§ WHAT YOU ARE ASKED TO DO
From the line with "GUERRA SIN FIN" to the last line of the data below, repeat every line exactly and add nothing.
[Start of Attachment]
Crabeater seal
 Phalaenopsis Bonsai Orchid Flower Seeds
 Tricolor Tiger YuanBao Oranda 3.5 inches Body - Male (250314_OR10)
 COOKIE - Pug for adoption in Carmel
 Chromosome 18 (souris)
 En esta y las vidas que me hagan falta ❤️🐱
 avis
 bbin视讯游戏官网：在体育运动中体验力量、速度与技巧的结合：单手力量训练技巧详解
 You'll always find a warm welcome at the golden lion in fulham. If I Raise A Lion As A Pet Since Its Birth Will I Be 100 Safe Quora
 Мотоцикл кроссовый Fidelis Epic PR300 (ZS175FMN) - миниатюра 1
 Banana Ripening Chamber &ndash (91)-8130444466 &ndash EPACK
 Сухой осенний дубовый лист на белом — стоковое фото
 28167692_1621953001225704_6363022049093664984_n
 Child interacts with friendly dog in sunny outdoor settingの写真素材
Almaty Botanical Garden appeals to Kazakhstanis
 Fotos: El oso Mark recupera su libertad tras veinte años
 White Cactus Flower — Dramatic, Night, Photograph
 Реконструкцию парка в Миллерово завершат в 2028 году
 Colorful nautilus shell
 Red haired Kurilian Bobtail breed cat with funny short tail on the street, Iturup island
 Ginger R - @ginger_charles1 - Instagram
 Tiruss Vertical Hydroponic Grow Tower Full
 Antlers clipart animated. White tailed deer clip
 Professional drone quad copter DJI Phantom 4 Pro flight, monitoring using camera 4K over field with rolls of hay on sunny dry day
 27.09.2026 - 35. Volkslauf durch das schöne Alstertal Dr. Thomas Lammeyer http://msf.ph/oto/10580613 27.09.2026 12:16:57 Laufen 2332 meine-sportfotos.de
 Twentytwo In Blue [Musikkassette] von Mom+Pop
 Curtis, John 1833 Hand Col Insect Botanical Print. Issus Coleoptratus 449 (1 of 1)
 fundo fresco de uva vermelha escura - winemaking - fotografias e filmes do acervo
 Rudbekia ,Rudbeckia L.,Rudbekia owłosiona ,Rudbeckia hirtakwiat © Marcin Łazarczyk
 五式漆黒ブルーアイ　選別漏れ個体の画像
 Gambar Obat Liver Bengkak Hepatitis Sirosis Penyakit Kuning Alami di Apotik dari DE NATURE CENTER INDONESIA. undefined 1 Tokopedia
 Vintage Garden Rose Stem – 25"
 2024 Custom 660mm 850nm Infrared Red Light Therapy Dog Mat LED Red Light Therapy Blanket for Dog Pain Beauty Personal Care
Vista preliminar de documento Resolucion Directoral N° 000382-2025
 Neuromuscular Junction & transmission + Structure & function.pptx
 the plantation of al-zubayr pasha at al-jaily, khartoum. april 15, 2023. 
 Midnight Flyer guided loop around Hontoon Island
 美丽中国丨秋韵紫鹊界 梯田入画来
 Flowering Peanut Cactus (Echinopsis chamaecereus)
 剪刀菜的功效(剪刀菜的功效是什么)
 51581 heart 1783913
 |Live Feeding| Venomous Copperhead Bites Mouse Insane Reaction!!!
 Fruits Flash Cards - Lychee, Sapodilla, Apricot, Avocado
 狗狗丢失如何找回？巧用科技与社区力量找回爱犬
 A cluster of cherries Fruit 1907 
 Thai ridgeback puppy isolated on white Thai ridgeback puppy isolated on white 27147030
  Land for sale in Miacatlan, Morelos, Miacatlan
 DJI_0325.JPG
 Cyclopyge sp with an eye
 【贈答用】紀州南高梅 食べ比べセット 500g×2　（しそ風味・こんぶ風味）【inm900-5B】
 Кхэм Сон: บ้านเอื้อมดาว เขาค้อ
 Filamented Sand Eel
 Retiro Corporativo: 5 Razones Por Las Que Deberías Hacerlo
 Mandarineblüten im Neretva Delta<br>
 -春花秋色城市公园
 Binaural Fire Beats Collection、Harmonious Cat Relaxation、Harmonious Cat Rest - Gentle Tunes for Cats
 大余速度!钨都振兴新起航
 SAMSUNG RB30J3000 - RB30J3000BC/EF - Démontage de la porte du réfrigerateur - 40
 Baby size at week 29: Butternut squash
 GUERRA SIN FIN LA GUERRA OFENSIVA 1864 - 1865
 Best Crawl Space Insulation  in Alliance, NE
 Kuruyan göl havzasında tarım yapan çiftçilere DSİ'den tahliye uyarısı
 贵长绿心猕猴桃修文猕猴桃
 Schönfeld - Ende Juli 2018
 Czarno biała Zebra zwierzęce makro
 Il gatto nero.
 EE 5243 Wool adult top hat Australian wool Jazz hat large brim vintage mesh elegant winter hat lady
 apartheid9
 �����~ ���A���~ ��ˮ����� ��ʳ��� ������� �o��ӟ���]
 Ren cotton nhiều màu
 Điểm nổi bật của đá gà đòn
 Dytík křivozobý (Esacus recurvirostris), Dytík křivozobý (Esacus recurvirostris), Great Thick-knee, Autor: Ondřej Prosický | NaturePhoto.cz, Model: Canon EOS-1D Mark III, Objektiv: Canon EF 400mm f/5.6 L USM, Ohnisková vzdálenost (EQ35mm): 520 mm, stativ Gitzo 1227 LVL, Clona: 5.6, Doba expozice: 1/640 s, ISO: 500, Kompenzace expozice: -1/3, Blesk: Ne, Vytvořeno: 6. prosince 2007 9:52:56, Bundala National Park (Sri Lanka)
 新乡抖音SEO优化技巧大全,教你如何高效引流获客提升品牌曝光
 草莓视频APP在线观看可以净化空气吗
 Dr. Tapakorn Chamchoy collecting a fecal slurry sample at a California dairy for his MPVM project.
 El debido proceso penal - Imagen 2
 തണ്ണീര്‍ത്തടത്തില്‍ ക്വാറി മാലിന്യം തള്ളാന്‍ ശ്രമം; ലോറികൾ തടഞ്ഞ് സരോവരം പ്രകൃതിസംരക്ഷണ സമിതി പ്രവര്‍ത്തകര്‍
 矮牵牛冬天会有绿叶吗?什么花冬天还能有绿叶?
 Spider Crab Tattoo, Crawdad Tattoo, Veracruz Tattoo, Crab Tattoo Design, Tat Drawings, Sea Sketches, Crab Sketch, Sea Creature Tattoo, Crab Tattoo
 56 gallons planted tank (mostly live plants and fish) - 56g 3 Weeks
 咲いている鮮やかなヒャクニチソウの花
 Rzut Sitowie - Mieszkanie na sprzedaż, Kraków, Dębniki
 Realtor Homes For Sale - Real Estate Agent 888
[End of Attachment]
§ RESULT
 GUERRA SIN FIN LA GUERRA OFENSIVA 1864 - 1865
 Best Crawl Space Insulation  in Alliance, NE
 Kuruyan göl havzasında tarım yapan çiftçilere DSİ'den tahliye uyarısı
 贵长绿心猕猴桃修文猕猴桃
 Schönfeld - Ende Juli 2018
 Czarno biała Zebra zwierzęce makro
 Il gatto nero.
 EE 5243 Wool adult top hat Australian wool Jazz hat large brim vintage mesh elegant winter hat lady
 apartheid9
 �����~ ���A���~ ��ˮ����� ��ʳ��� ������� �o��ӟ���]
 Ren cotton nhiều màu
 Điểm nổi bật của đá gà đòn
 Dytík křivozobý (Esacus recurvirostris), Dytík křivozobý (Esacus recurvirostris), Great Thick-knee, Autor: Ondřej Prosický | NaturePhoto.cz, Model: Canon EOS-1D Mark III, Objektiv: Canon EF 400mm f/5.6 L USM, Ohnisková vzdálenost (EQ35mm): 520 mm, stativ Gitzo 1227 LVL, Clona: 5.6, Doba expozice: 1/640 s, ISO: 500, Kompenzace expozice: -1/3, Blesk: Ne, Vytvořeno: 6. prosince 2007 9:52:56, Bundala National Park (Sri Lanka)
 新乡抖音SEO优化技巧大全,教你如何高效引流获客提升品牌曝光
 草莓视频APP在线观看可以净化空气吗
 Dr. Tapakorn Chamchoy collecting a fecal slurry sample at a California dairy for his MPVM project.
 El debido proceso penal - Imagen 2
 തണ്ണീര്‍ത്തടത്തില്‍ ക്വാറി മാലിന്യം തള്ളാന്‍ ശ്രമം; ലോറികൾ തടഞ്ഞ് സരോവരം പ്രകൃതിസംരക്ഷണ സമിതി പ്രവര്‍ത്തകര്‍
 矮牵牛冬天会有绿叶吗?什么花冬天还能有绿叶?
 Spider Crab Tattoo, Crawdad Tattoo, Veracruz Tattoo, Crab Tattoo Design, Tat Drawings, Sea Sketches, Crab Sketch, Sea Creature Tattoo, Crab Tattoo
 56 gallons planted tank (mostly live plants and fish) - 56g 3 Weeks
 咲いている鮮やかなヒャクニチソウの花
 Rzut Sitowie - Mieszkanie na sprzedaż, Kraków, Dębniki
 Realtor Homes For Sale - Real Estate Agent 888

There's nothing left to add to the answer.